> INSTRUCTIONS FOR THE TASK
Pictures are not part of the copy; repeat everything else in the records exactly.

> DATA FOR PROCESSING
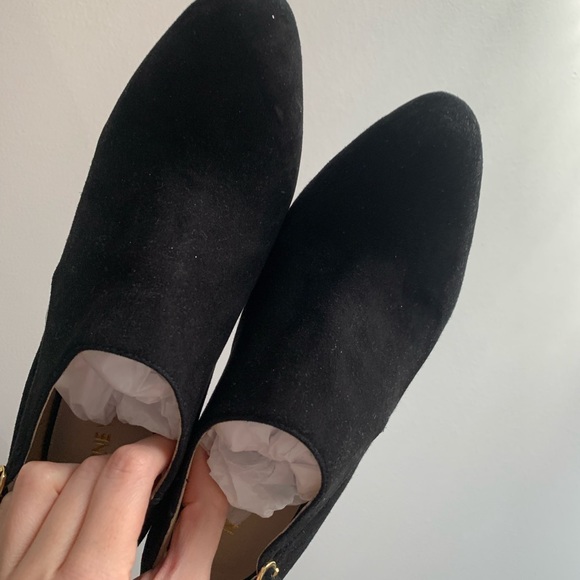 Nine West Gemeza Cut Out Ankle Buckle Boots - Picture 10 of 10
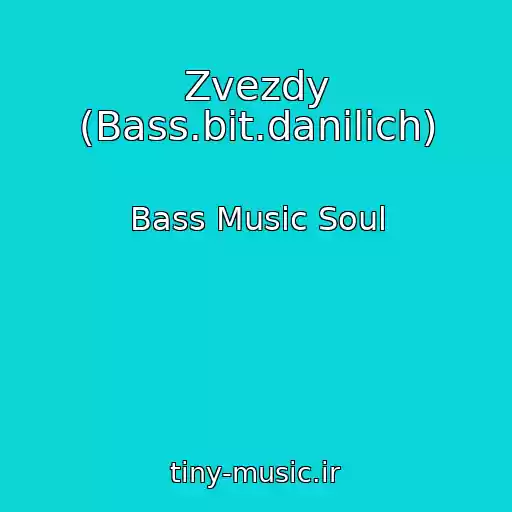 کاور آهنگ Zvezdy (Bass.bit.danilich) از Bass Music Soul
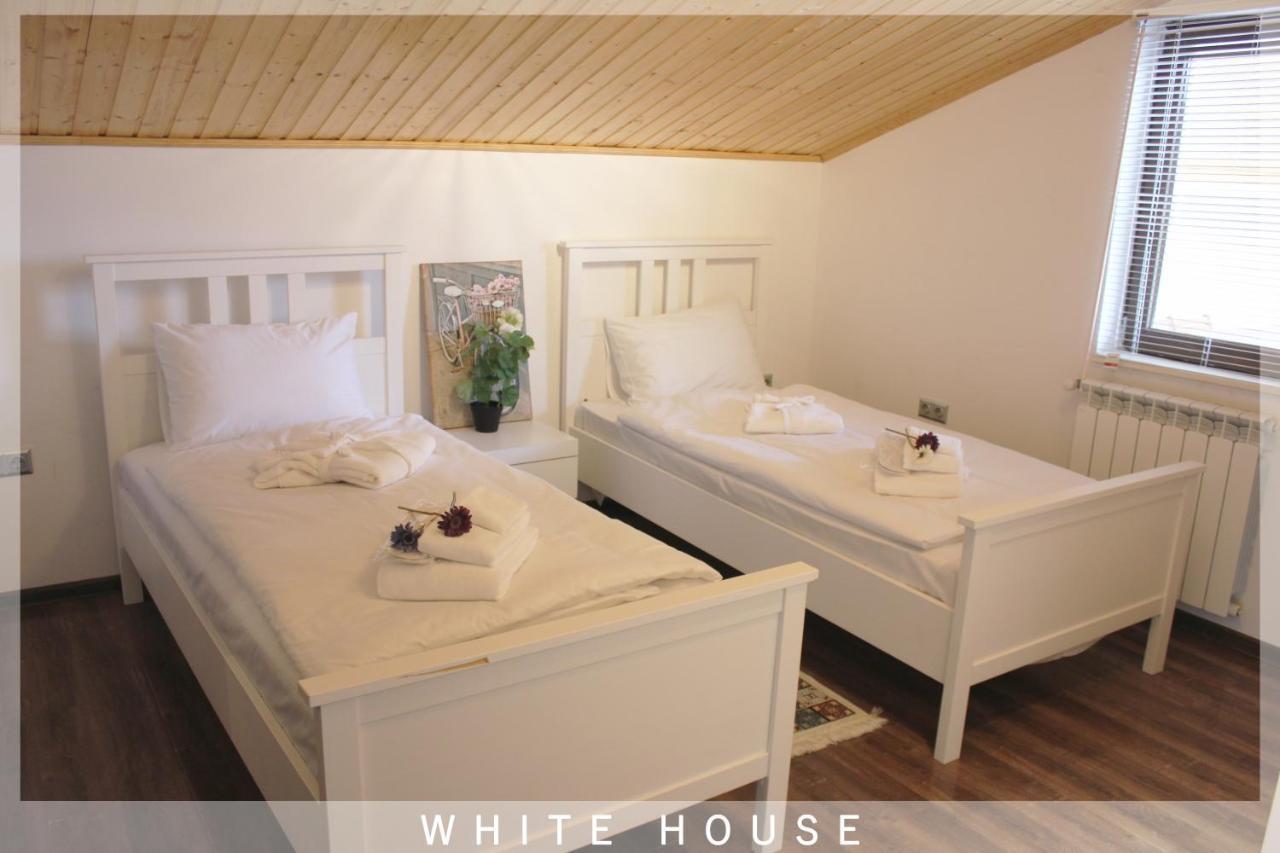 White House Villa Tbilisi Eksteriør billede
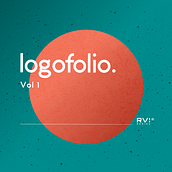 Logofolio. Projekt z dziedziny Projektowanie logot, pów, Design, Projektowanie graficzne, Br, ing i ident, fikacja wizualna i Grafika wektorowa użytkownika Raul Vinyau - 27.04.2023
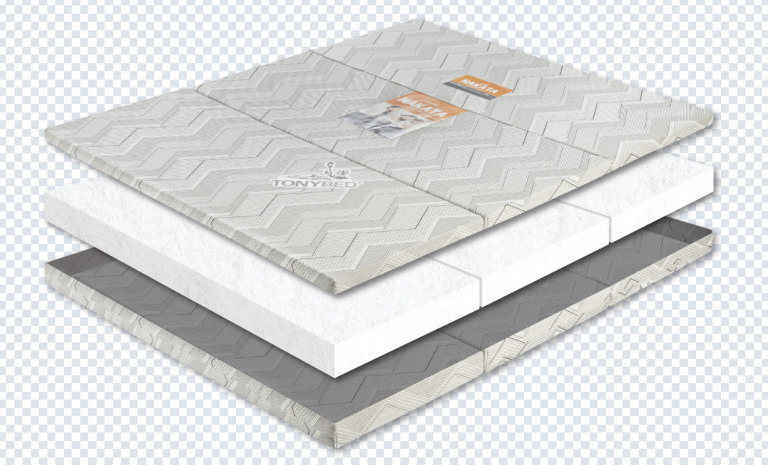 nệm bông ép là gì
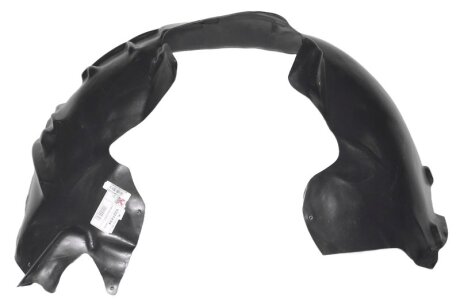 Подкрылок передний правый AUDI A4 08 > 2/12 (выр-во) Van Wezel 0327434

> ANSWER TO THE PROBLEM
 Nine West Gemeza Cut Out Ankle Buckle Boots - Picture 10 of 10
 کاور آهنگ Zvezdy (Bass.bit.danilich) از Bass Music Soul
 White House Villa Tbilisi Eksteriør billede
 Logofolio. Projekt z dziedziny Projektowanie logot, pów, Design, Projektowanie graficzne, Br, ing i ident, fikacja wizualna i Grafika wektorowa użytkownika Raul Vinyau - 27.04.2023
 nệm bông ép là gì
 Подкрылок передний правый AUDI A4 08 > 2/12 (выр-во) Van Wezel 0327434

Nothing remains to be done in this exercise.